**What is being asked**
Reproduce, exactly and in full, only the lines below from the one containing "Maitland Smith Tessellated" through the one containing "OH license plate GRL6615".

**Information shown**
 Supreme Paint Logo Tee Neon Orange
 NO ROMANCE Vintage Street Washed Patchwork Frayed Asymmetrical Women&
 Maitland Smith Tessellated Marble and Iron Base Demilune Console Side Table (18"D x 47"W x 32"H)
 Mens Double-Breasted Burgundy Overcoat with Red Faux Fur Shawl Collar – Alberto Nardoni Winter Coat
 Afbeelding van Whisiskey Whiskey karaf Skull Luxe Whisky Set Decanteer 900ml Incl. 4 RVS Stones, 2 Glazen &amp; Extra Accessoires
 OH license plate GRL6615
...
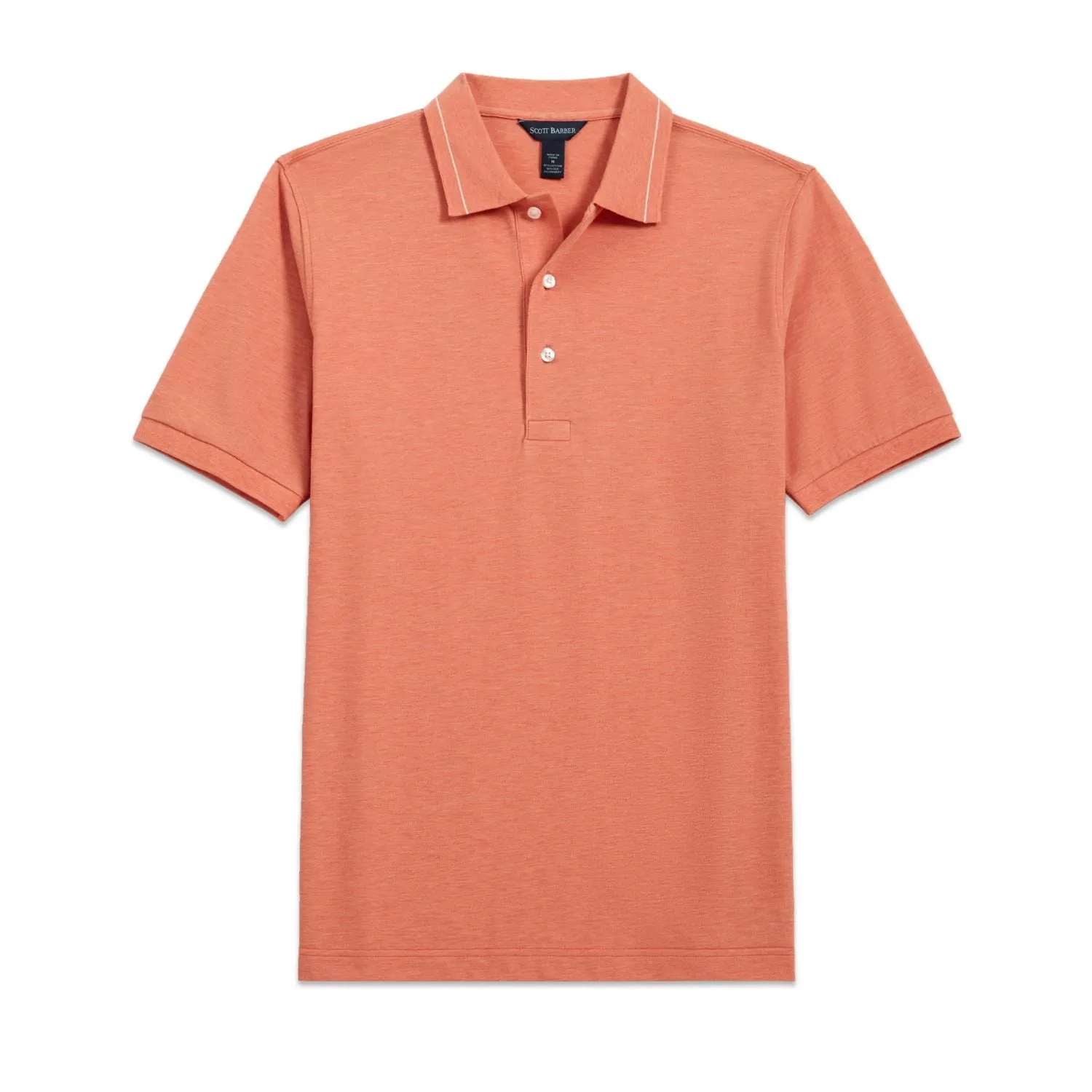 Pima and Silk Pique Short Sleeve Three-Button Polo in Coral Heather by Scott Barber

**Completed exercise**
 Maitland Smith Tessellated Marble and Iron Base Demilune Console Side Table (18"D x 47"W x 32"H)
 Mens Double-Breasted Burgundy Overcoat with Red Faux Fur Shawl Collar – Alberto Nardoni Winter Coat
 Afbeelding van Whisiskey Whiskey karaf Skull Luxe Whisky Set Decanteer 900ml Incl. 4 RVS Stones, 2 Glazen &amp; Extra Accessoires
 OH license plate GRL6615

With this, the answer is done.